The final sequence of the results from heapsort comes from removing items from the created heap in purely size order (based on the key field).
Any information about the ordering of the items in the original sequence was lost during the heap creation stage, which came first.

Stable means if the two elements have the same key, they remain in the same order or positions. But that is not the case for Heap sort.
Heapsort is not stable because operations on the heap can change the relative order of equal items.
From here:
When sorting (in ascending order) heapsort first peaks the largest
element and put it in the last of the list. So, the element that have
been picked first, stays last and the element that have been picked
second stays to the second last element in the sorted list.
Again, Build-Max-Heap procedure works such that it preserve the order
of same value (ex:3a,3b) in building the heap tree. For extracting
the maximum element it also works from the root and try to preserve
the structure of the tree (except the change for Heapify).
So, what happens, for elements with same value [3a,3b] heapsort picks
3a before 3b but puts 3a to the right of 3b. So, As the list is
sorted in ascending order we get 3b before 3a in the list .
If you try heapsort with (3a,3b,3b) then you can visualize the
situation.

Stable sort algorithms sort elements such that order of repeating elements in the input is maintained in the output as well.
Heap-Sort involves two steps:
Heap creation
Removing and adding the root element from heap tree into a new array which will be sorted in order
1. Order breaks during Heap Creation
Let's say the input array is {1, 5, 2, 3, 2, 6, 2} and for the purpose of seeing the order of 2's, say they are 2a, 2b and 2c so the array would be {1, 5, 2a, 3, 2b, 6, 2c}
Now if you create a heap (min-heap here) out of it, it's array representation will be {1, 2b, 2a, 3, 5, 6, 2c} where order of 2a and 2b has already changed.
2. Order breaks during removal of root element
Now when we have to remove root element (1 in our case) from the heap to put it into another new array, we swap it with the last position and remove it from there, hence changing the heap into {2c, 2b, 2a, 3, 5, 6}. We repeat the same and this time we will remove '2c' from the heap and put it at end of the array where we had put '1'.
When we finish repeating this step until the heap is empty and every element is transferred to the new array, the new array (sorted) it will look like {1, 2c, 2b, 2a, 3, 5, 6}.
Input to Heap-Sort: {1, 5, 2a, 3, 2b, 6, 2c} --> Output: {1, 2c, 2b, 2a, 3, 5, 6}
Hence we see that repeating elements (2's) are not in same order in heap-sorted array as they appear in the input and therefore Heap-Sort is not stable !

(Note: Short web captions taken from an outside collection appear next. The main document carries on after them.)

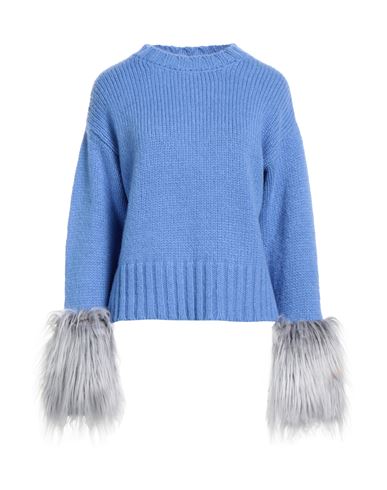 Tessa . Woman Sweater Azure Size L Mohair Wool, Wool, Polyester In Blue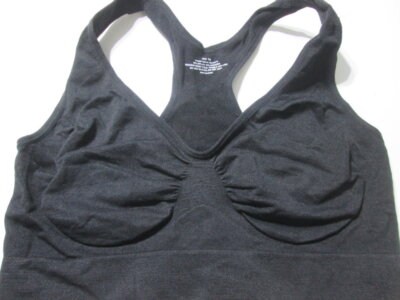 Unbranded Sport Bra Size 1X Black Wireless Unlined Racerback Pullover Activewear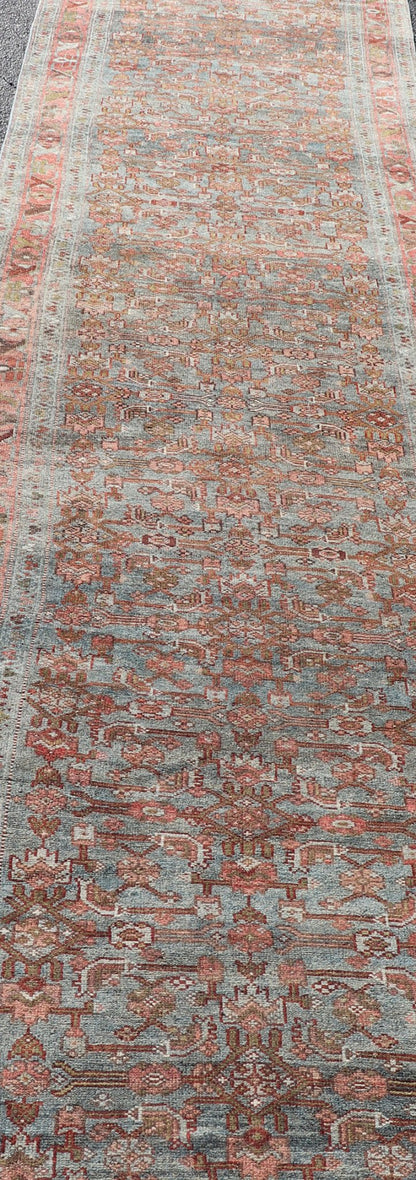 Measures: 3'4 x 14'10 All Over Herati Antique Persian Kurdish Runner With Sub - Geometric Design. Keivan Woven Arts / rug EN - 14903, country of origin / type: Iran / Kurdish, circa 1910. This kurdish runner from 1910's is characterized by its a... - Keivan Woven ArtsEN - 14903 - 22602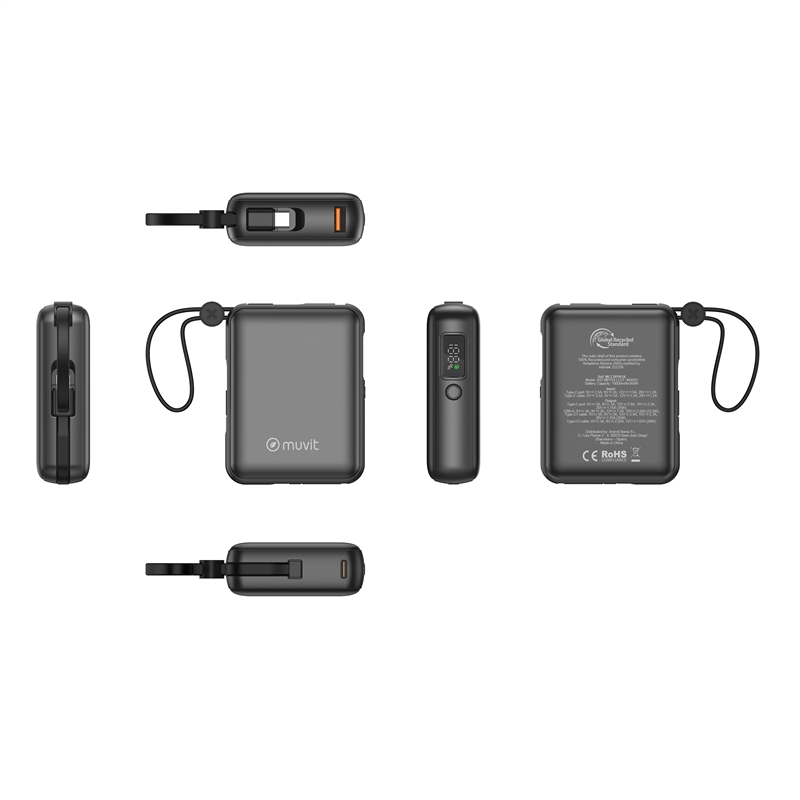 muvit for change power bank 10,000mAh USB-A 22W + USB-C PD35W + 2 USB-C cables (PD35W and PD20W) black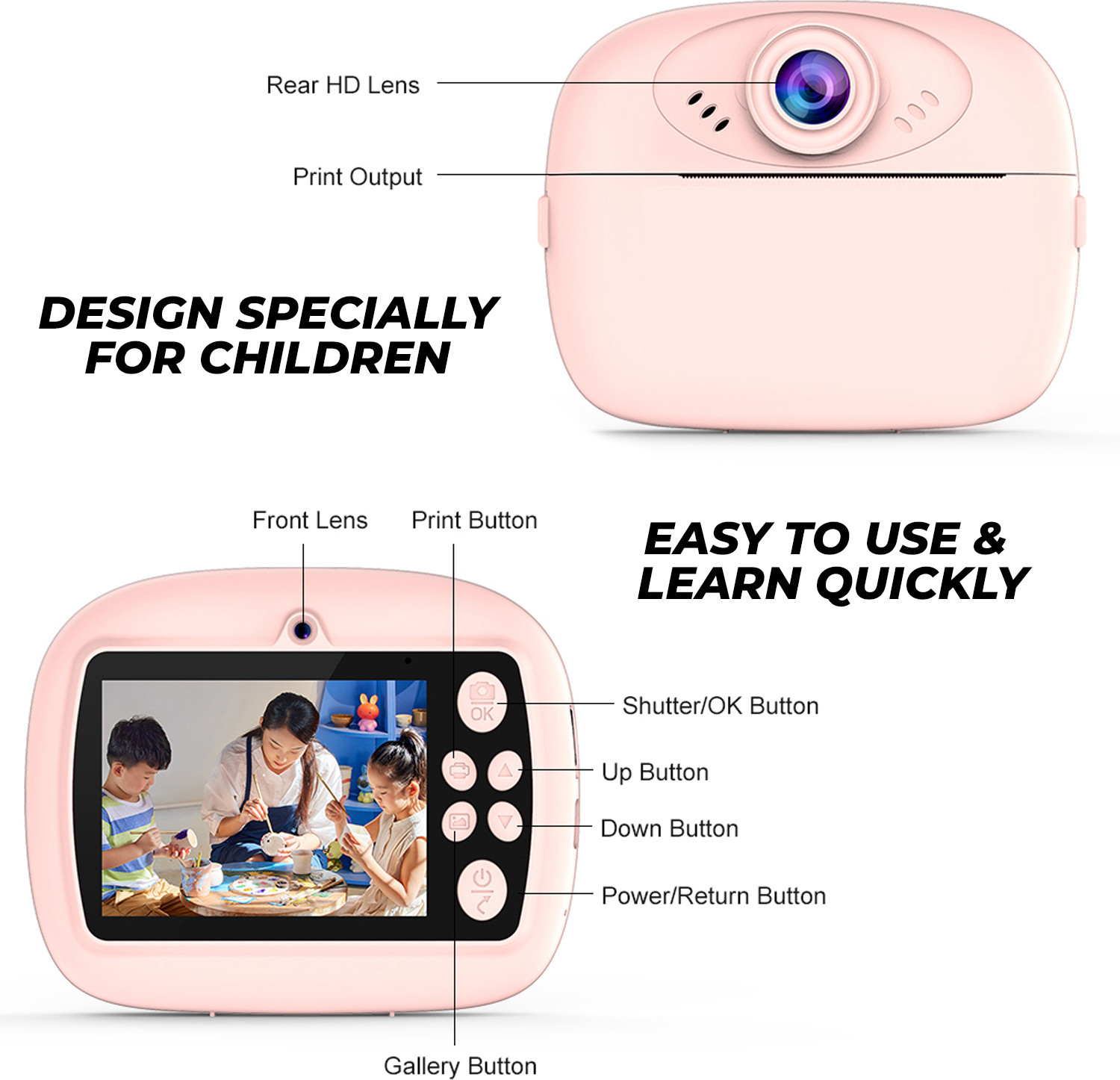 Image of MOBIZAC Mini Camera Toy Instant Photo Printing Kids Camera Toy for Birthdays Gifting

I know this is a late answers but I will add my 2 cents here.
Consider a simple array of 3 integers. 2,2,2 now if you build a max heap using build max heap function, you will find that the array storing the input has not changed as it is already in Max heap form. Now when we put the root of the tree at the end of the array in first iteration of heap sort the stability of array is already gone. So there you have an simple example of instability of heap sort.

Suppose take an array of size n (arbitrary value) and if there are two consecutive elements(assume 15) in heap and if their parent indices have values like 4 and 20.(this is the actual order (....4,20 ,.....,15,15.....). the relative order of 4 and 1st 15 remains same but as 20>15,the 2nd 15 comes to front(swap) as defined in heap sort algorithm, the relative order is gone.

Related

Longest substring in which all bits are the same (DP algorithm)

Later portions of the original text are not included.